> **What needs to be done**
Here is a listing, set out below; repeat its lines from the one with "Photo of property" to the last, both included, and leave out the pictures.

> **Given material**
^^^^
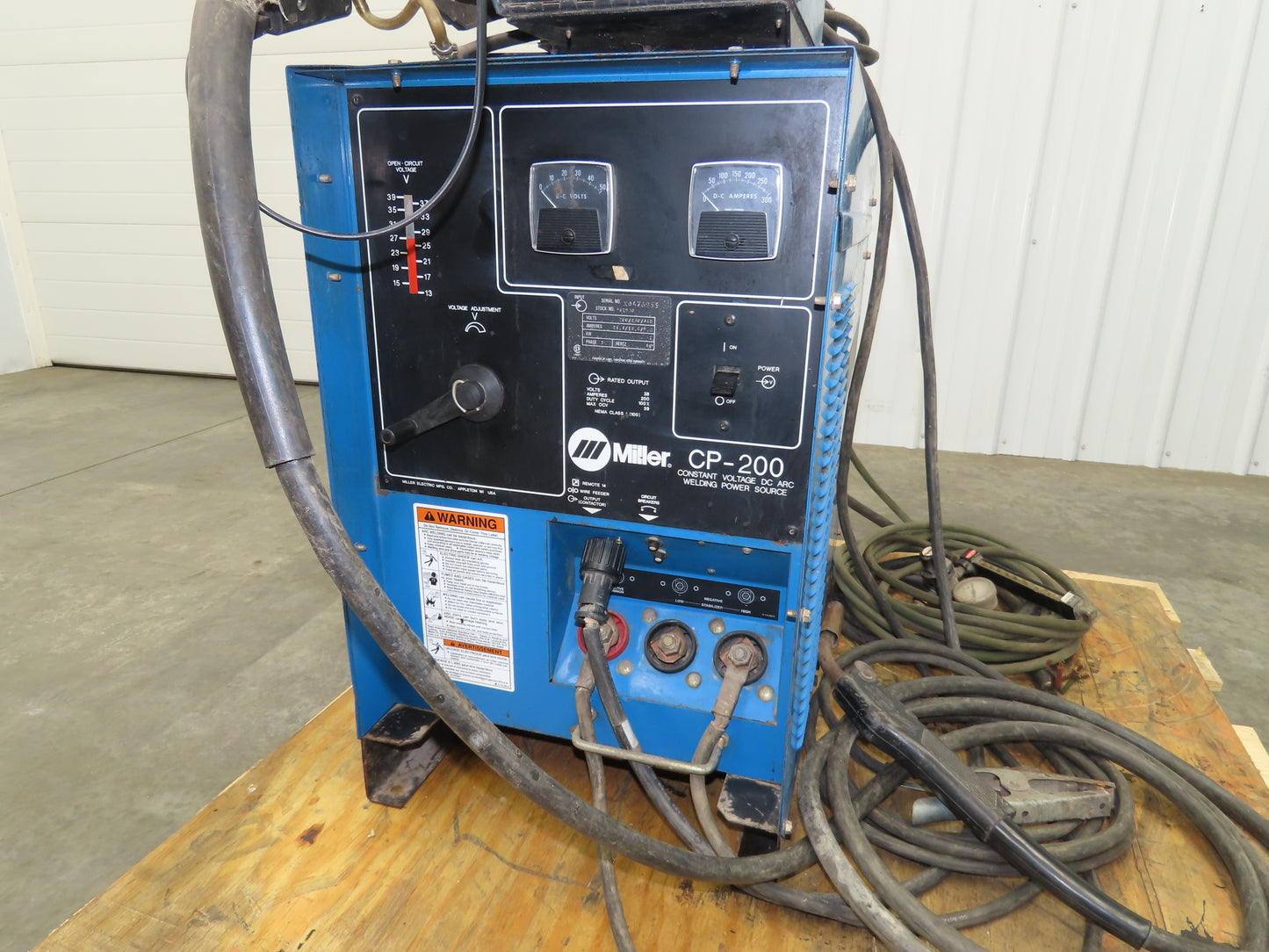 Miller CP-200 Mig Welder 200 amp DC Arc S-60 Wire Feeder 230/460v 3PH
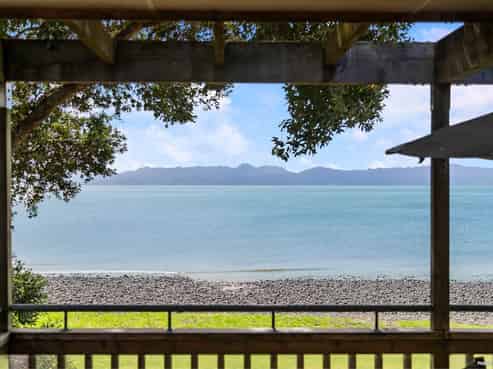 1684 East Coast Road, Whakatiwai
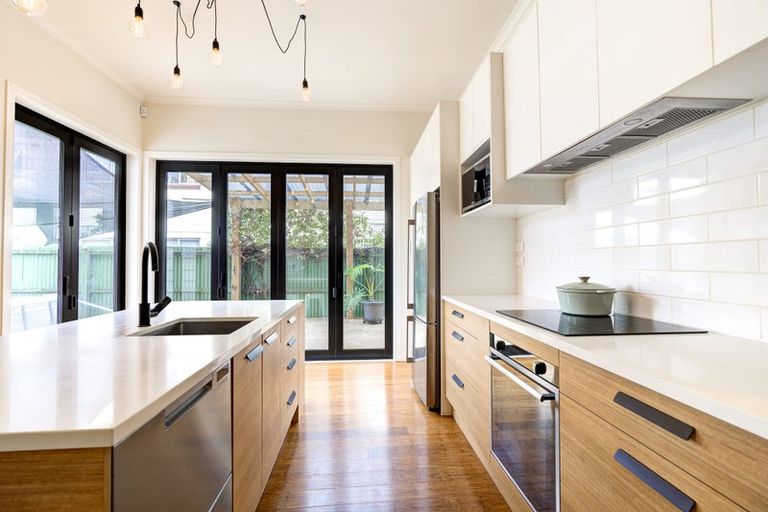 Photo of property in 893 Heaphy Terrace, Claudelands, Hamilton, 3214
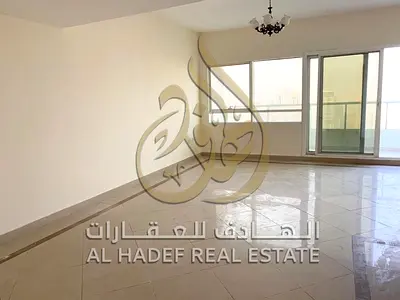 بنتهاوس للبيع او الايجار في الشارقه باطلاله علي بحيره اللممزر يوجد دور مرتفع ومنخفض 3 غرف وغرفه مساعده منزل و5 حمام اطلاله بحريه مفتوحه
^^^^
> **Problem solution**
 Photo of property in 893 Heaphy Terrace, Claudelands, Hamilton, 3214
 بنتهاوس للبيع او الايجار في الشارقه باطلاله علي بحيره اللممزر يوجد دور مرتفع ومنخفض 3 غرف وغرفه مساعده منزل و5 حمام اطلاله بحريه مفتوحه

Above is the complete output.